I think that it may help to revisit exactly what we expect from education standards and why it is important that South Carolina develop those standards instead of outsourcing it to a centralized entity. State law requires that educational standards be designed to promote the abilities to:

(1) Read, view, and listen to complex information in the English language.

(2) Write and speak effectively in the English language.

(3) Solve problems by applying mathematics.

(4) Conduct research and communicate findings.

(5) Understand and apply scientific concepts.

(6) Obtain a working knowledge of world, United States, and South Carolina history, government, economics, and geography.

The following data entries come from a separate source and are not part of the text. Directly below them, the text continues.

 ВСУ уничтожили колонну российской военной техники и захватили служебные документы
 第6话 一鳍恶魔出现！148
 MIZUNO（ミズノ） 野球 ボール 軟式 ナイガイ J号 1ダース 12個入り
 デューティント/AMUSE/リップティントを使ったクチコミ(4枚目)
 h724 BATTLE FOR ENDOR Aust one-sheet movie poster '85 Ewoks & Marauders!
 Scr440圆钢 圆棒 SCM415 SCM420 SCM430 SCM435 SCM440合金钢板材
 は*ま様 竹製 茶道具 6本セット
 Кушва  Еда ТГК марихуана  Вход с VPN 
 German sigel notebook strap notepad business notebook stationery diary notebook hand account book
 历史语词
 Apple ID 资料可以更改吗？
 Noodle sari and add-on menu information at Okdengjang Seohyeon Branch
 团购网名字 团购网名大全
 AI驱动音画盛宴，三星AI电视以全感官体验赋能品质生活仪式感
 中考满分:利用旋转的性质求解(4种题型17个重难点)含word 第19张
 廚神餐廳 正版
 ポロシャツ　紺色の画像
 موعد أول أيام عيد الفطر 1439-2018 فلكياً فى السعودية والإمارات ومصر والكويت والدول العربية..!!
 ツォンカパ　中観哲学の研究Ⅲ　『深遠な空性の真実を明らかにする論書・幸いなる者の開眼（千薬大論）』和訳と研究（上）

(7) Use information to make decisions. Standards are developed from this basic framework which became law in 1998. The standards are used in the four core subject areas—math, English/language art, science and social studies (history, government, economics and geography).

South Carolina for over a decade had very good or excellent standards as measured by various entities, and they all were developed right here at home. South Carolina standards always were well regarded for their rigor and depth and many states looked to South Carolina as an example of how standards should be developed. South Carolina standards historically have been developed over a two-year period during which subject experts gathered several times to review current standards and adapt new information to them. This “cyclical review,” as the law calls it, ensured a deliberate and thorough approach to generating world class educational standards for our kids. Why then, did we change our approach and adopt a centralized, one-size-fits-all approach. Money—as with most things governmental—made the difference.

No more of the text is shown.